Description of problem: Migration process consists in copy guest RAM to new Host. After the copy, migration code loops back to the beginning and re-copies all pages modified after the copy. The hope is that the list of pages which must be copied shrinks with each pass over the memory range. Guests with large number of memory writes can delay migration process and even stuck it, if memory writes are faster than memory copy. Currently, vdsm does not differentiate between migration not progressing due to high guest memory changes and due to memory copy hang. Version-Release number of selected component (if applicable): vdsm-4.10.2-1.6.el6.x86_64 Expected results: Print a warning message when migration is not progressing due to high guest memory changes.
Proposed patch: http://gerrit.ovirt.org/12557
Why the current state, where the log has Migration Progress: %s seconds elapsed, %s%% of data processed ... and the % of data processed is jumping/stalling, is not enough?
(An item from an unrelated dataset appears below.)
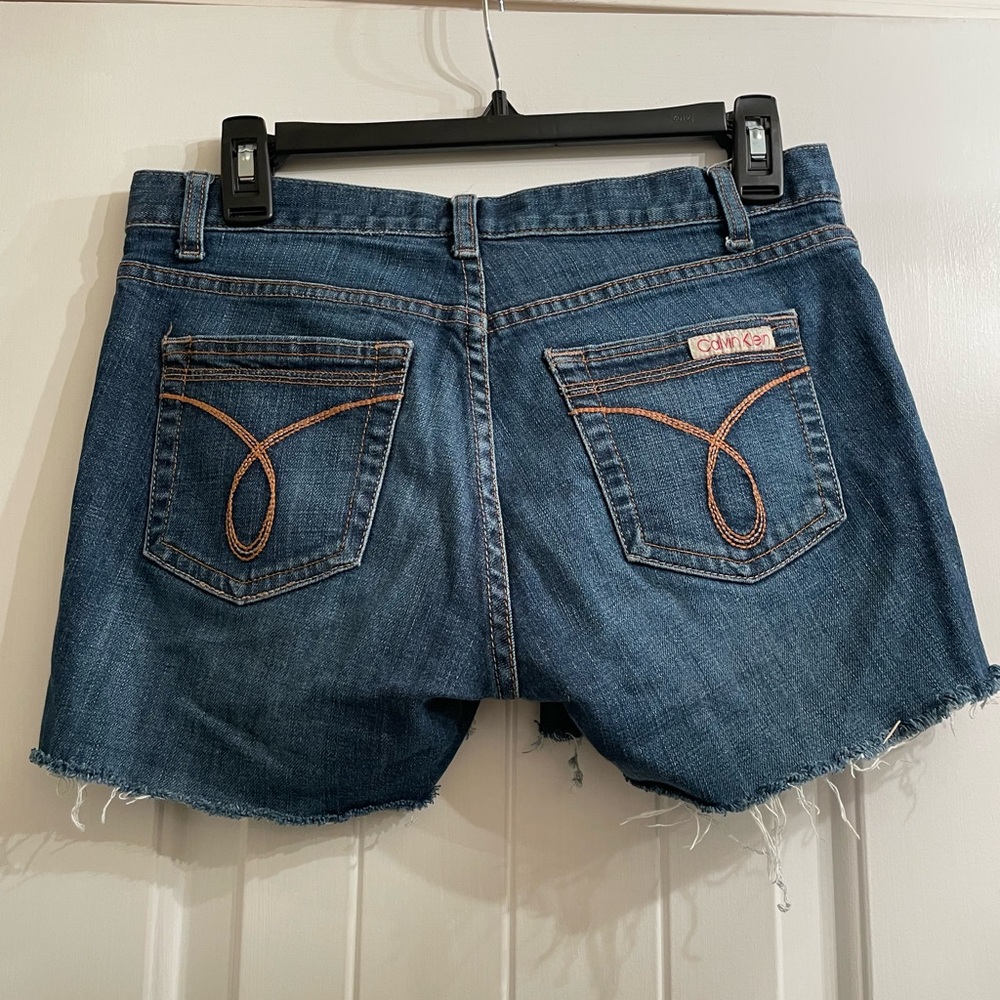 Calvin Klein denim shorts, size 4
No. Migration can be stalled for network load, destination host interruptions and so forth. In these cases, dataRemaining will be equal to smallest_dataRemaining. We should be able to identify when migration is not progressing due to high memory changes inside the guest (dataRemaining > smallest_dataRemaining). Btw, after some time trying to migrate in this scenario, the progress was used to go over 100% of data processed, but ffdc10c0 changed the progress to be always less than 100%. Now we can't identify the situation in any case.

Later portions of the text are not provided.